Which is to say, the emergence of US capitalism triumphant hasn’t given us peace, as promised; it has given us a bold US military prepared to wage war. And it seems to be waging war to facilitate US capital settling everywhere, nestling everywhere and establishing connections everywhere, to paraphrase a shockingly topical passage from the Communist Manifesto of Karl Marx and Friedrich Engels, a document whose irrelevance was said to have been established beyond a shadow of a doubt when the Berlin Wall was razed to the ground. Yet, today, it seems to be more relevant than ever; certainly more relevant than when a competing ideology forced the stewards of capitalism to tidy up the image of their vaunted system lest the rabble get it into their heads that they could do better. It’s said in newspapers and on TV that Washington’s wars have to do with fighting terrorism, but the documents which define the US national security strategy are long on paeans to free markets and free trade and capitalism and short on concrete measures to protect the lives of US citizens from attacks by radicalized West Asians bearing legitimate grievances against the United states. On the contrary, the strategy is a recipe for provoking terrorist attacks.
Marx and Engels: While the irrelevance of Communist Manifesto was said to have been established beyond a shadow of a doubt when the Berlin Wall was razed to the ground, today it seems to be more relevant than ever
Bourgeois society,” to use Marx’s and Engels’ phrase, hasn’t given us prosperity either, unless by “us,” you mean the people who own and control the economy. For the bulk of humanity things are a lot worst materially than they were when communists, socialists, and nationalists kept upsetting the capitalist apple cart by bringing vast tracks of national economies under public control, and putting the public welfare ahead of the profit interests of bondholders and investors.

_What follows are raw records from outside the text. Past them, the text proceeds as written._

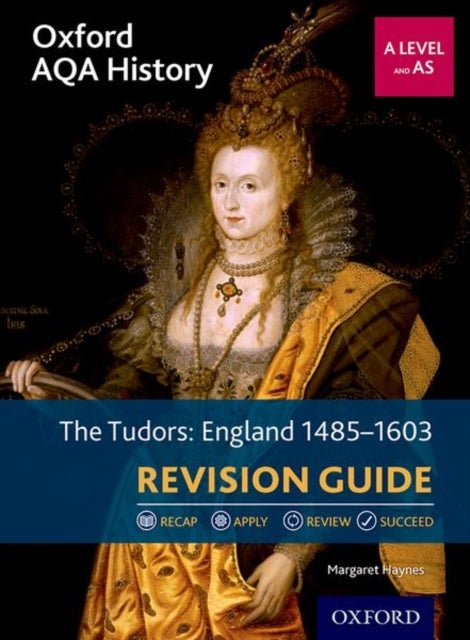 Bilde av Oxford Aqa History For A Level: The Tudors: England 1485-1603 Revision Guide Av Margaret (author) Haynes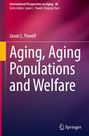 Jason L. Powell: Aging, Aging Populations and Welfare, Buch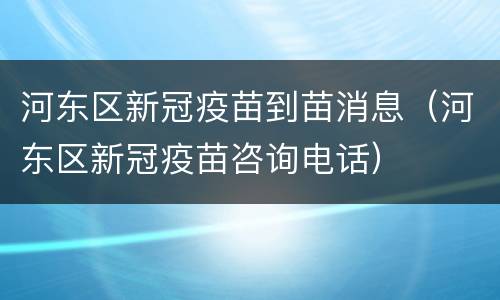 河东区新冠疫苗到苗消息（河东区新冠疫苗咨询电话）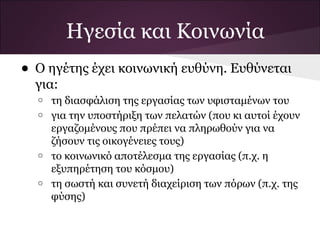 Ηγεσία και Κοινωνία
• Ο ηγέτης έχει κοινωνική ευθύνη. Ευθύνεται
  για:
  o   τη διασφάλιση της εργασίας των υφισταμένων του
  o   για την υποστήριξη των πελατών (που κι αυτοί έχουν
      εργαζομένους που πρέπει να πληρωθούν για να
      ζήσουν τις οικογένειες τους)
  o   το κοινωνικό αποτέλεσμα της εργασίας (π.χ. η
      εξυπηρέτηση του κόσμου)
  o   τη σωστή και συνετή διαχείριση των πόρων (π.χ. της
      φύσης)
 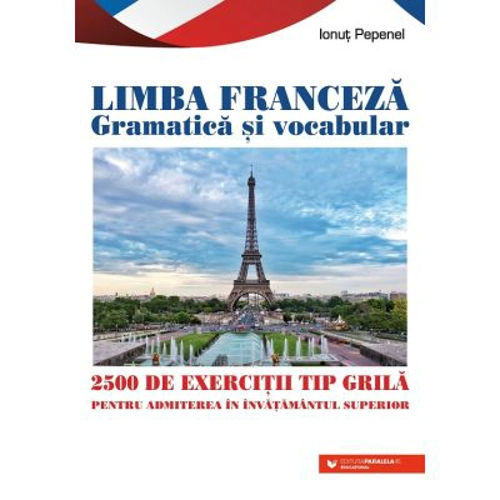 Limba franceza Gramatica si vocabular. 2500 de teste tip grila pentru admiterea in invatamantul superior - Ionut Pepenel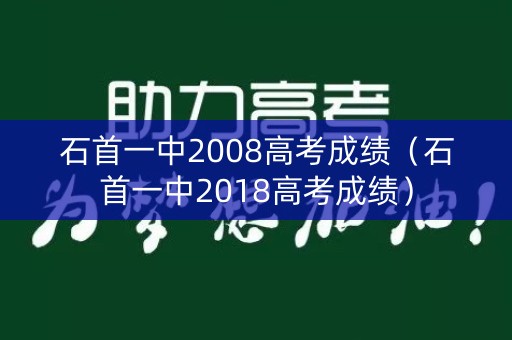 石首一中2008高考成绩（石首一中2018高考成绩）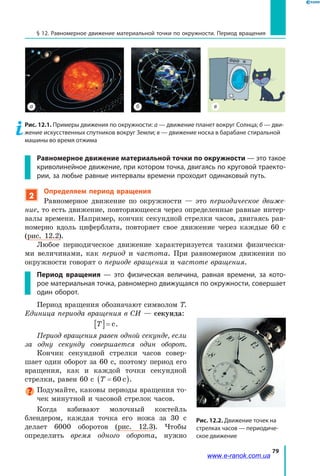 79
§ 12. Равномерное движение материальной точки по окружности. Период вращения
а б в
Рис. 12.1. Примеры движения по окружности: а — движение планет вокруг Солнца; б — дви-
жение искусственных спутников вокруг Земли; в — движение носка в барабане стиральной
машины во время отжима
Равномерное движение материальной точки по окружности — это такое
криволинейное движение, при котором точка, двигаясь по круговой траекто-
рии, за любые равные интервалы времени проходит одинаковый путь.
2
Определяем период вращения
Равномерное движение по окружности — это периодическое движе­
ние, то есть движение, повторяющееся через определенные равные интер­
валы времени. Например, кончик секундной стрелки часов, двигаясь рав­
номерно вдоль циферблата, повторяет свое движение через каждые  60  с
(рис. 12.2).
Любое периодическое движение характеризуется такими физически­
ми величинами, как период и частота. При равномерном движении по
окружности говорят о периоде вращения и частоте вращения.
Период вращения — это физическая величина, равная времени, за кото-
рое материальная точка, равномерно движущаяся по окружности, совершает
один оборот.
Период вращения обозначают символом T.
Единица периода вращения в СИ — секунда:
T[ ]= c.
Период вращения равен одной секунде, если
за одну секунду совершается один оборот.
Кончик секундной стрелки часов совер­
шает один оборот за 60 с, поэтому период его
вращения, как и каждой точки секундной
стрелки, равен 60 с T =( )60 c .
Подумайте, каковы периоды вращения то­
чек минутной и часовой стрелок часов.
Когда взбивают молочный коктейль
блендером, каждая точка его ножа за 30  с
делает 6000 оборотов (рис. 12.3). Чтобы
определить время одного оборота, нужно
Рис. 12.2. Движение точек на
стрелках часов — периодиче-
ское движение
www.e-ranok.com.ua
 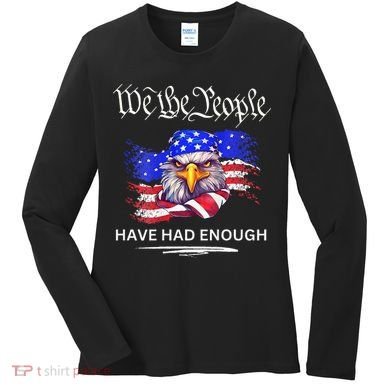 Design We The People Have Had Enough Women's Long Sleeve Shirt
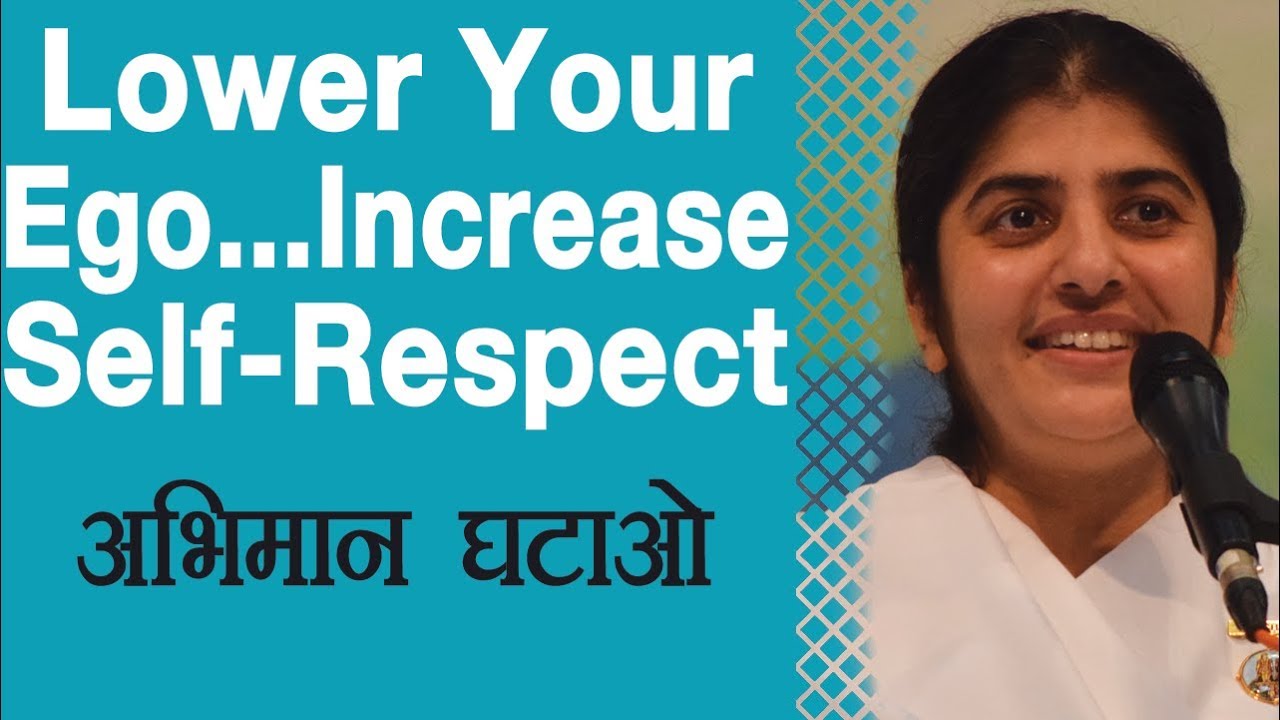 Lower Your Ego...Increase SelfRespect Ep 15 BK Shivani (Hindi) YouTube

According to the United Nations, 54 countries are poorer today than they were in 1990, about the time Communism was declared failed, and capitalism lionized as the single sustainable model of success. More children under the age of five are dying in 14 countries, and enrollment in primary schools is down in 12. Extreme poverty remains the fate of over one billion people. And in former Soviet republics — cradle to what has been dismissed as a failed system — poverty had tripled one decade into their liberation from Communism. Seventeen countries in Eastern Europe and the countries that made up the former Soviet Union have hardly become dynamos of prosperity, which should leave anyone with an ounce of gray matter wondering by what standard success is measured; surely not by the majority’s well-being. (3)
After having been demonized for decades by a capitalist establishment bent on making Communism radioactive (along with anyone so cavalier about their standing in polite society to utter a kind word about it) it’s sometimes forgotten, if ever apprehended in the first place, how impressive Communism’s economic achievements were…and still are, considering the barren and poisoned ground in which the lone holdouts have been forced to eke out precarious existences.
Let’s start with the most reviled of the hold-outs: north Korea. The idea that north Korea is a threat to the United States is about as believable as the idea that a colony of ants is a threat to the elephant whose foot hovers three inches over its hill. North Korea hasn’t a single solider stationed outside its borders. Washington, on the other hand, has 37,000 troops deployed, on, or near, the north Korean border, 65,000 troops stationed in nearby Japan, the Seventh Fleet lurking in nearby waters, and bombers within striking distance. It has dismissed Pyongyang’s pleas to sign a nonaggression treaty, declaring bizarrely that it will not succumb to blackmail. And what has north Korea done to threaten the United States (or to blackmail the country)? It has fired up a mothballed nuclear reactor capable of producing weapons grade material, and withdrawn from the Nuclear Nonproliferation Treaty, but only after Washington reneged on an agreement to build light water reactors and provide fuel oil shipments. And only after Washington issued a virtual declaration of war, designating north Korea part of “an axis of evil.”
Could a north Korea with one or two crude nuclear bombs pose much of a threat to the United States poised to strike with overwhelming force? Quite the other way around. Indeed, north Korea’s pursuit of nuclear weapons can be said to be a rational response to an overwhelming US threat. And there have been plenty of signs the threat is real.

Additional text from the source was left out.